Are you one of those people who looks for the guy in the produce department to tell you whether the pineapple or melon you"ve picked out is at the peak of ripeness? Are you a little in awe of those humans who, with a surgeon"s precision — a little pinch here or sniff there — can know if an item has reached its prime? Do you believe that some individuals are simply born with this special "ripeness sensibility” and that you are destined to look to them to verify your produce choices?

If these kinds of thoughts run "round your head, rest assured, you are not alone. However, enlightenment is in sight. Anyone can learn how to judge ripeness. You just have to take the time to get to know what you"re looking for. Sometimes it"s about color, other times, touch or smell. Here are some tips to help you become a fruit ripeness expert (note: a fruit is a seed-bearing structure that develops from the flower of the plant; vegetables are all other parts, like roots, leaves, stems):

  • Pineapple. Look for golden brown, without much green at the base. A sweet scent indicates ripeness; no scent means it"s not yet ripe.  But if it has a slight vinegary smell, it"s overripe and best avoided.
  • Peaches. Ripe peaches turn a reddish and yellowish color. The part of the peach that was in direct contact with the sun becomes red; the part facing away (or closer to the ground) turns yellow. You want to be sure there"s not green tint around the stem. When perfectly ripe, a peach will give slightly to touch and smelly peachy, just like the taste.
  • Eggplant. Every part of this fruit gives clues to its ripeness. If the stem and cap are bright green, the eggplant is fresh. But if it"s beginning to turn yellow or brown, it"s past prime. The skin should be deep and dark in color and free of scars or blemishes. When you hold the eggplant in the palm of your hand and gently squeeze it with your fingertips, the skin should be tight and elastic. If indentations remain from your fingertips, it"s either not ready yet or perhaps it"s been sitting around too long.
  • Watermelon. A ripe watermelon is heavy, indicating that it"s full of water. To check for ripeness, tap on the melon. If it sounds hollow, it"s ripe. You can also check the underside of the melon. If it has a yellow or light spot on the bottom, it"s eating ready. If the stripes of the melon are found all around the melon, it needs more time to ripen.
  • Cantaloupes. A ripe melon feels heavy and smells subtly sweet. If it smells very sweet it"s probably overripe. The best test of ripeness is to slightly push at the stem end; if it gives a bit, then it"s ready to eat.
  • Mango. There are many types of mango, so color is not a good indicator of ripeness. The only way to know if it"s ready to eat is by touch. It should give slightly when touched, if it"s ripe. Sometimes the mango will give off a fruity aroma at the stem end when ripe.
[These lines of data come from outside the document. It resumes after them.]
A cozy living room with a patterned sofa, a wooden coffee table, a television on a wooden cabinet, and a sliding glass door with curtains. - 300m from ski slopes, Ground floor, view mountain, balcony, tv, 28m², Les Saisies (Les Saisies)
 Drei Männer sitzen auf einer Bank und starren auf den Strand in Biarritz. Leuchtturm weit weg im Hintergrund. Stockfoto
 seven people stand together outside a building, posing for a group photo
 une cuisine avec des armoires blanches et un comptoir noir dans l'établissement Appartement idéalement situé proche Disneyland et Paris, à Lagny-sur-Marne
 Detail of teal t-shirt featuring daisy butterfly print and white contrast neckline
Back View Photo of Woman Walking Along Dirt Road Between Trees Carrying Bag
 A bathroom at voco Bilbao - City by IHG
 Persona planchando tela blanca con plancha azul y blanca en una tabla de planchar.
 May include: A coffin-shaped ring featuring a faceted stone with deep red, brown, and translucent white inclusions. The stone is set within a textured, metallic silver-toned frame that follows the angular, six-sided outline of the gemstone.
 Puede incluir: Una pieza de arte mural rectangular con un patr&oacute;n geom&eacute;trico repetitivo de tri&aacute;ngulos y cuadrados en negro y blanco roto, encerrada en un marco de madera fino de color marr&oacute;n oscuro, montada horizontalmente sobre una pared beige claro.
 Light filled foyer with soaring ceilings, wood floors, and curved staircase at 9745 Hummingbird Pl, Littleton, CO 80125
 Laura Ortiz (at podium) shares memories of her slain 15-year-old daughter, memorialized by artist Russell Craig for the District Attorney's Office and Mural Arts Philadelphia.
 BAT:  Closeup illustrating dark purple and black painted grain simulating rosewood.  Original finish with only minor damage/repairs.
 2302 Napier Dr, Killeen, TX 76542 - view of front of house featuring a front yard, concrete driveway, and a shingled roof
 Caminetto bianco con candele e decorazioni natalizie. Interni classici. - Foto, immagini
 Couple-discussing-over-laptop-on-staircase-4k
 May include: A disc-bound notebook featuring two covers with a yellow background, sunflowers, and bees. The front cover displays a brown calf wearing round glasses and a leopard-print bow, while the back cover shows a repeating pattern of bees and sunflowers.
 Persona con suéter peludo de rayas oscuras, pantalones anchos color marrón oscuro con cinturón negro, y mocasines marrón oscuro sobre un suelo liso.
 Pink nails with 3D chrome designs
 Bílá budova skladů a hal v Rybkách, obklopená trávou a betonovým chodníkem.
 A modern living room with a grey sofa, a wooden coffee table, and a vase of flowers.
If it"s mushy or uneven to the touch, it"s not a good choice.
  • Corn. The husk is the key. If the husk is green and hasn"t dried out, the ear of corn is still ripe and juicy. The silk threads are also good indicators. They should cling to the kernels and the kernals should be plump.
  • Strawberries. The scent is everything. They should smell exactly like you want them to taste. If there"s little if any discernible smell, they"re probably not going to taste like much. (It"s very hard to find really ripe commercial strawberries because they"re picked so early, way before they"re allowed to ripen on the vine; wild strawberries are the most flavorful, if you"re lucky enough to find them.) The berries should also be bright red and free of blemishes.
  • Honeydew melon. Unlike cantaloupe, you can determine ripeness of honeydew by the appearance of its skin. It should be waxy and smooth with a golden — not yellow — color.
  • Oranges. The skin should look bright and firm. If it looks pale, it"s unripe. If it the skin looks leathery, it"s overripe.
  • Tomato. Touch is a better indicator here than color. After all, tomatoes come in many shades: red, orange, yellow, green and purple. The touch test is the best indicator. If it yields slightly to the touch, it"s at optimal ripeness. Any more than that means it"s past ripe and lacking in flavor. If there"s no give at all, the tomato needs a few more days to ripen.
  • Avocados. Color is not a good ripeness indicator as different avocado varieties do not look the same when ripe. Hass, for instance, turns dark purple, while others remain light green. To test, hold the avocado in the palm of your hand, not your fingers. It should give slightly to the touch if ripe. Don"t use fingers — you may bruise the fruit.
  • Plums. Don"t judge a plum by its color. Some varieties are deep purple whether just starting to grow or ripe. Touch determines quality. You want a slightly soft and smooth skin. Avoid any that are wrinkled, hard or mushy.
  • Coconuts. Press your thumb against the three "eyes.” Compared to the hard shell, they should feel slightly soft and dry in a mature fruit. When you gently shake it, you should also be able to hear liquid sloshing around inside.

Sources:

Video: "How to tell when fruit is ripe” — Whole Foods Market
"Tell If It"s Ripe or Not” by Yumi Sakugawa
"Is it Ripe?” by Tessa Miller
"12 Tricks for Buying the Ripest Summer Produce” by Julie R. Thomson”
Video: "How to Tell If Eggplant is Ripe”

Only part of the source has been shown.